On May 11, 2009, the City of Rossland, British Columbia took leadership on a controversial food and agricultural issue. Through the efforts of the regional G.E. Free Kootenays campaign, a sub-group of the Kootenay Food Strategy Society, Rossland’s council voted in favor of a resolution to oppose the cultivation of genetically engineered plants and trees.

Sometimes referred to as GMOs (genetically modified organisms), G.E. foods have steadily increased their presence in North America’s food supply since they were introduced in the mid-90s. The move by local governments to address the issue signals that concerns with G.E. foods may be increasing.

Those concerns include human and environmental health, inadequate regulating by health and food authorities, uncontrollable contamination between crops, farmer independence and community food sovereignty.

While the move does not set into force any bylaw on cultivation nor any restrictions for grocery stores or restaurants, the decision does confirm a political position that locally grown foods will be protected from any introduction of genetically engineered plants and trees.

While G.E. seeds and trees are not yet available to the backyard gardener, G.E. Free Kootenays will be providing businesses who distribute seeds and trees within G.E. Free municipalities with a resource to inform them of what the resolution states and which seed companies in particular do not support the possible introduction of G.E. seeds for home garden use.

“This decision helps our campaign move forward as we will now look to bring other local governments on board,” says G.E. Free Kootenays’ Rossland representative Andy Morel.
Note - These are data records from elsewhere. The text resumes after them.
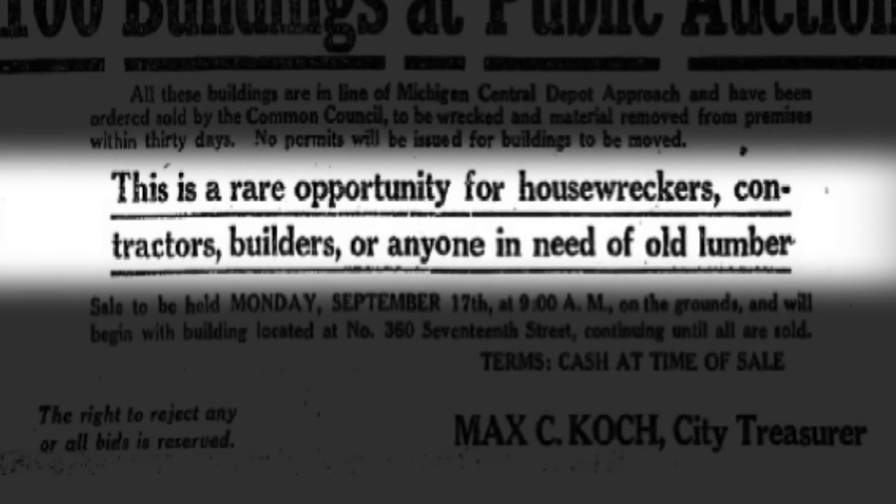Some of them were abandoned, some of them were occupied. So there was a huge struggle in the newspapers, in the courts, in the public arena, and it culminated in some pretty horrific removal tactics.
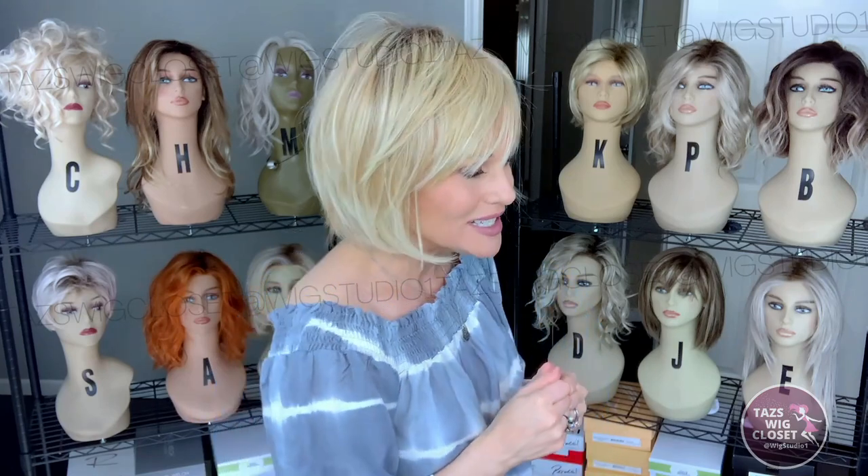If you like to style your hair behind the ear, this will be spectacular. I think you're really going to like the overall look and appearance of this new Hairdo style. I hope you have a wonderful day — we'll see you next time on Taz's Wig Closet at Wig Studio One!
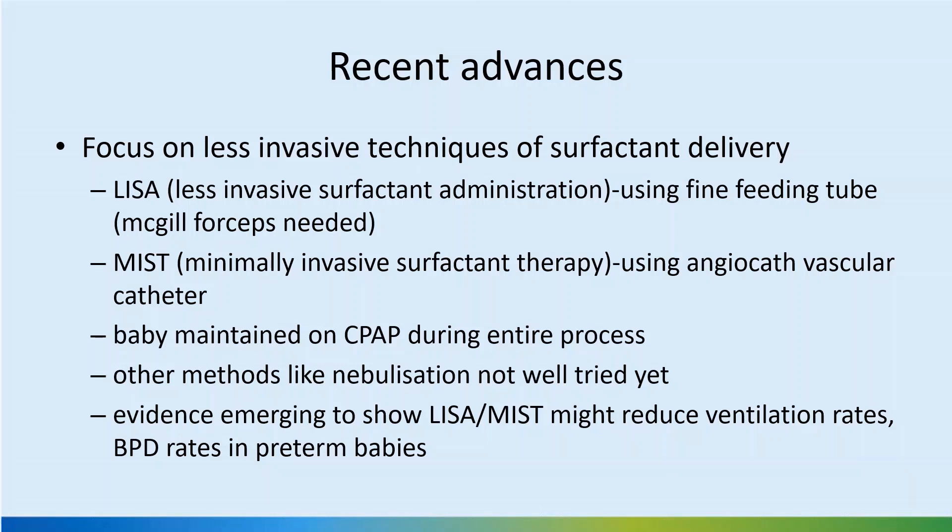Less invasive surfactant administration using a fine feeding tube with the Nagel forceps, or by minimally invasive surfactant therapy using an angiocath catheter, have been used in Germany to start with and in many other countries now — it's becoming a standard of care. The baby is maintained on CPAP during the entire process, and the glottis can close over the small catheter tube. Nebulization has also been tried but not studied much.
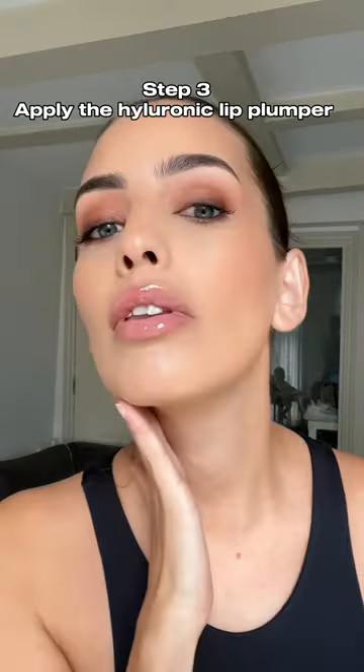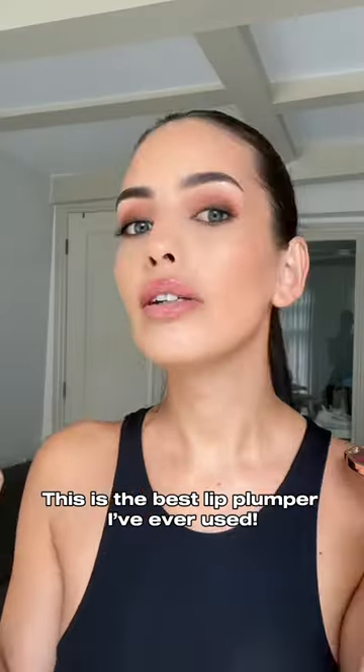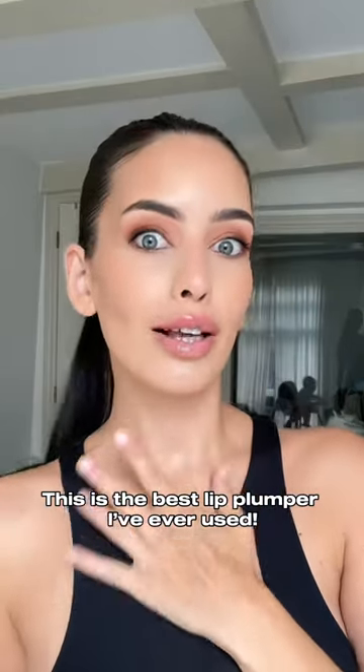Step 3: apply the hyaluronic lip plumper. This is the best lip plumper I've ever used.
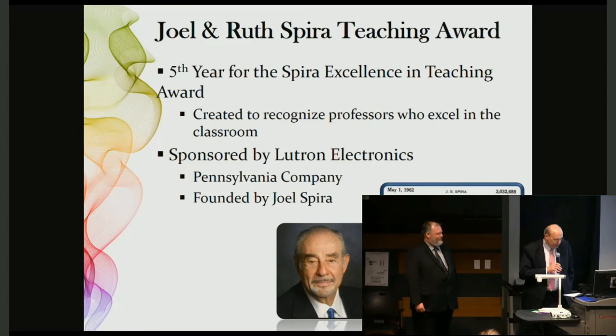The Ruth and Joel Spira Excellence in Teaching Award was created by Lutron's founders to recognize professors who excel in the classroom by helping students learn, understand, and apply the fundamentals of engineering. Mr. Spira felt passionately that hiring graduates with a keen understanding of engineering fundamentals was going to be key to Lutron's long-term success. This year marks the fifth year of the Carnegie Mellon School of Computer Science Spira Excellence in Teaching Awards.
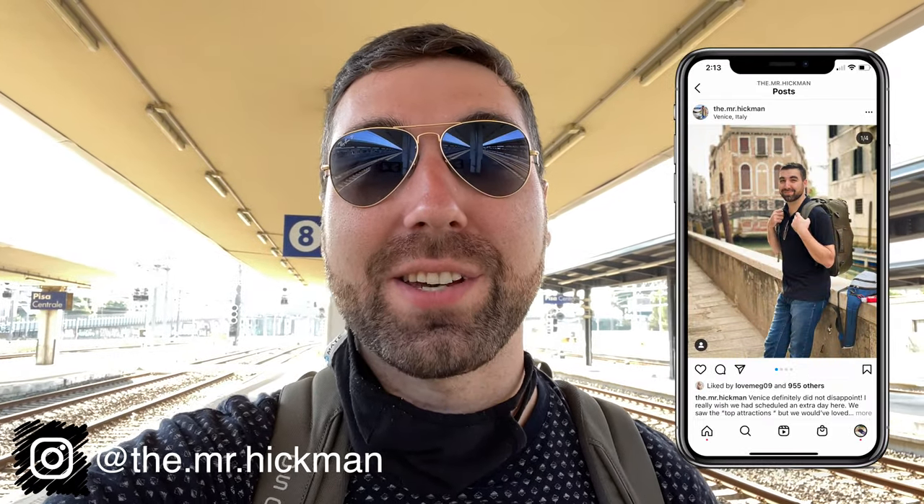Good morning from Italy again. We're currently standing in the Pisa Centrale train station. I'm going to take you along on this journey of the trains today because we're taking several trains. I get this question over and over on my Instagram: how do you know how to work the train system, how do you know which trains to get on? So today our journey is going to take us from Lucca in north of Tuscany all the way down to Sorrento on the Amalfi coast.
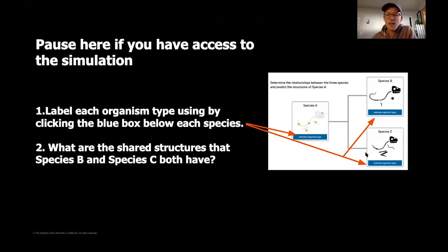You're going to notice that each of the blue boxes at the bottom lets you label what type of organism you're looking at. Then think about what are the shared structures that both species B and species C have. Those shared structures will inform us about what common shared structures their common ancestor had — because if two species both have a skull, for example, we know their common ancestor population shared that same structure. Go ahead and pause, think through these two questions, and then there's one other set of questions.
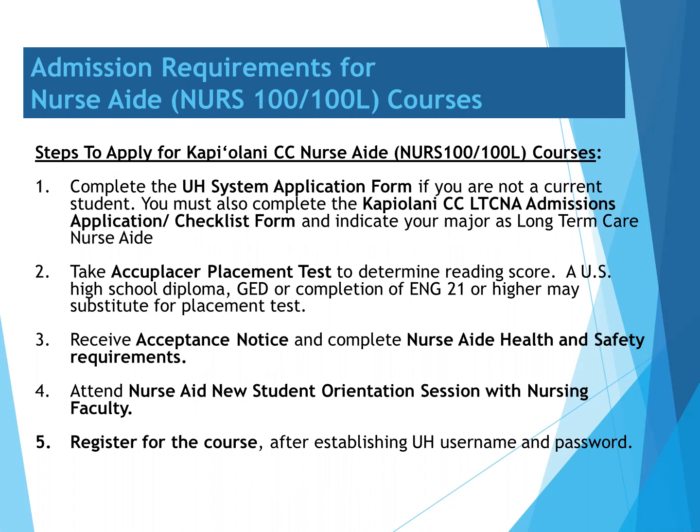Number two, you'll be asked to take the English placement test to determine your reading score, or provide documentation of your U.S. High School Diploma or GED, or completion of English 21 or higher.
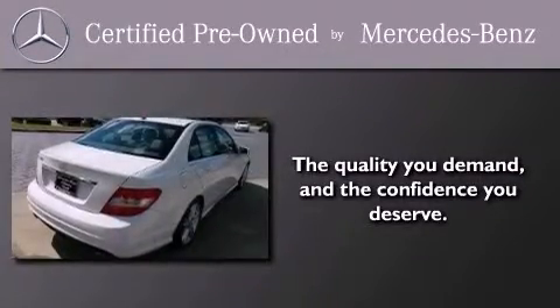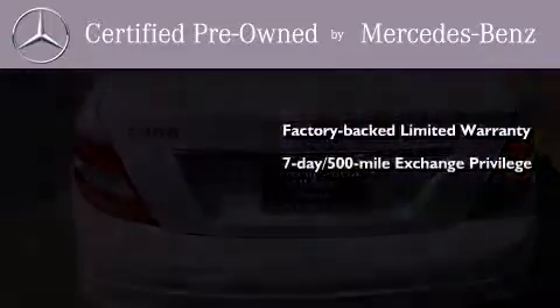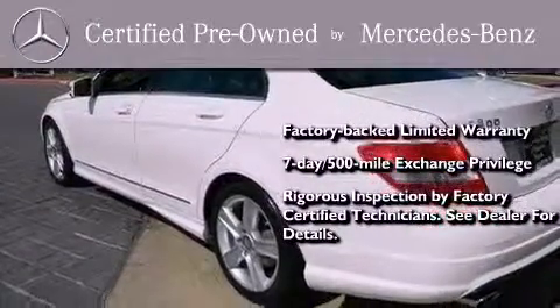This certified Mercedes-Benz isn't your typical used car. It comes with a one-year factory-backed limited warranty with no deductible, a seven-day, 500-mile exchange privilege, and virtually every system was rigorously inspected by factory-certified technicians. Consider it with confidence.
In November 2008, the City of Nelson became the first district within the Kootenay region to join in the G.E. Free Kootenays campaign followed by the Village of Kaslo in January 2009.The campaign has its eyes set on encouraging other local governments in the Kootenay region of the province to follow the lead of these three communities.

G.E. Free Kootenays is only one of a number of initiatives across Western Canada seeking to create G.E. Free regions. The Society for a G.E. Free B.C. and G.E. Free Yukon are both working hard to see similar resolutions passed.

The Regional District of Powell River, B.C., became the first G.E.-Free zone in the country in 2004, followed by Saltspring Island, B.C. in the same year.